Reached at his residence, owner Nicholas Gray confirms reports of a rent hike as the culprit for shutting down after 28 years of business. "They wanted to raise my rent to $50,000 from $30,000," he stated, adding that he plans to relocate as soon as he finds a suitable space. "We're always looking for corners, but they're hard to find." Of course they're hard to find -- look at that rent increase!
Gray's was the baby of ex-Papaya King partner Gray, who opened the original location on the corner of Broadway and West 72nd Street in 1973, when two hot dogs and a drink cost approximately a dollar. Even though the hot dog has fallen out of fashion somewhat as a processed meat, every Gray's location I've ever visited has had characters hunched over its counters, ignoring the world around them as they munched away at all times of day and night.
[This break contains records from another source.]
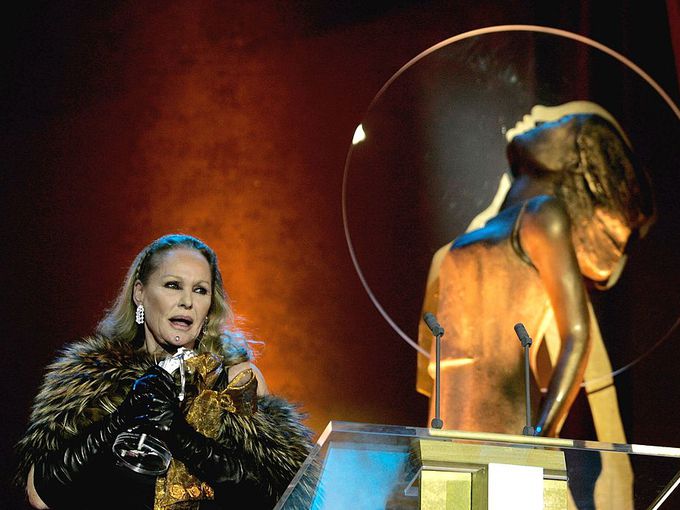 Ограбена и съсипана: Първото Бонд момиче на 90 загуби 16 милиона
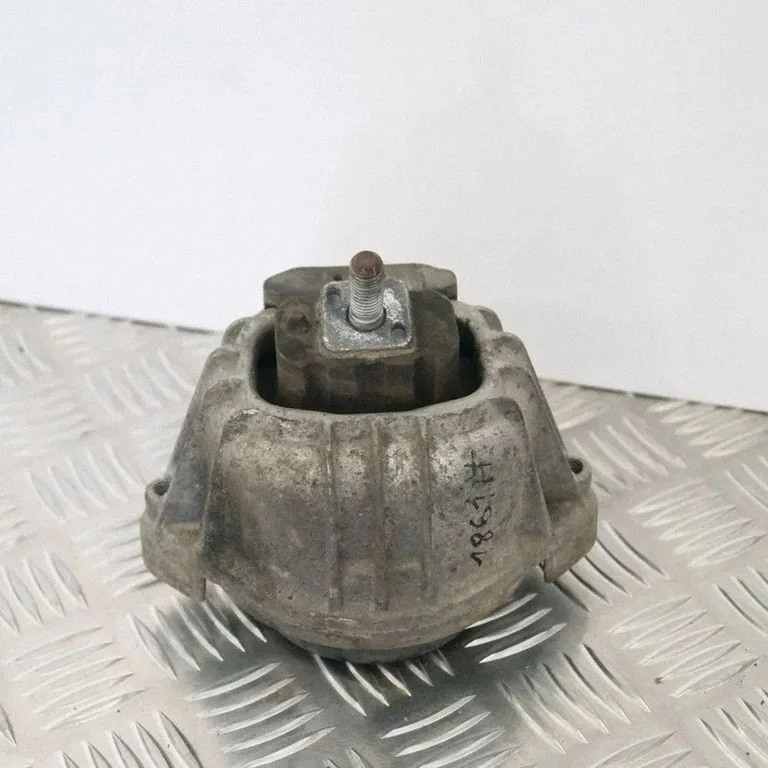 Dzinēja spilvens 6768852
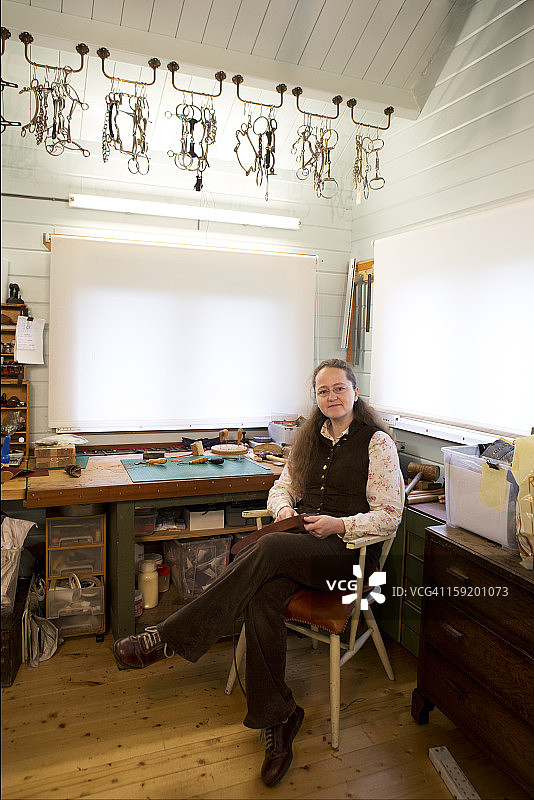 工作室里的皮革缝纫工和马鞍匠图片素材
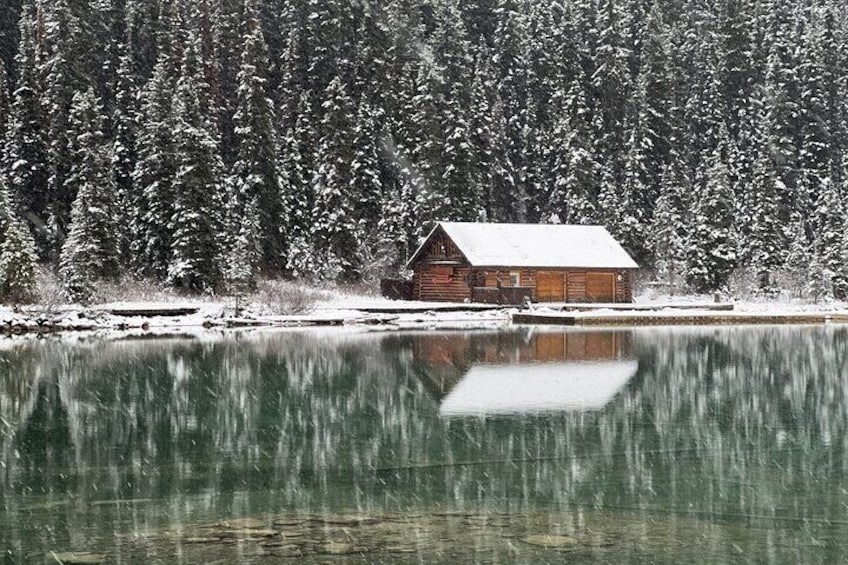 Lake Louise, Emerald Lake and Johnston Canyon from Banff Day Tour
Papaya King may have been the original, but as it expanded to Clifton, New Jersey, and Hollywood (sister cities, or so I hear), Gray's felt like the more authentic of the two, a scrappy local underdog (pun intended) to Papaya King's more imperialist tendencies. This is not to discredit Papaya King, whose original location is a must for any lover of food who finds himself in this city -- if only to compare it to Gray's across town.
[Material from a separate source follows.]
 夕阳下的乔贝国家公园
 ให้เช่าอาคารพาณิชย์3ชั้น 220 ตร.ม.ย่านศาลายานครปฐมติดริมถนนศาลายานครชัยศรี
Gray's has had a lasting significance for me; its existence was brought to my attention as a story told to me by my father, in which an acquaintance of my parents once ate eight hot dogs in a single sitting. This was before the days of competitive eating, and to my young, malleable mind, it seemed an unattainable number. Later in life, I used the (now-shuttered) 37th Street branch of Gray's as a kind of "foodie" test to see if my better half was up to the task of dealing with whatever kind of horror entails dating me.
Next to pizza, a hot dog may well be the most "New York" food we have on offer, and nearly every carnivorous New Yorker has experienced the pleasures of a snappy frank downed with a frothy fruit drink. Now even our beloved steamed meat purée is threatened by the onslaught of this city's obscene real estate market. If you come across any affordable, good-looking corners, holla in the comments section.
The city's hot dog-hungry hungry masses will thank you.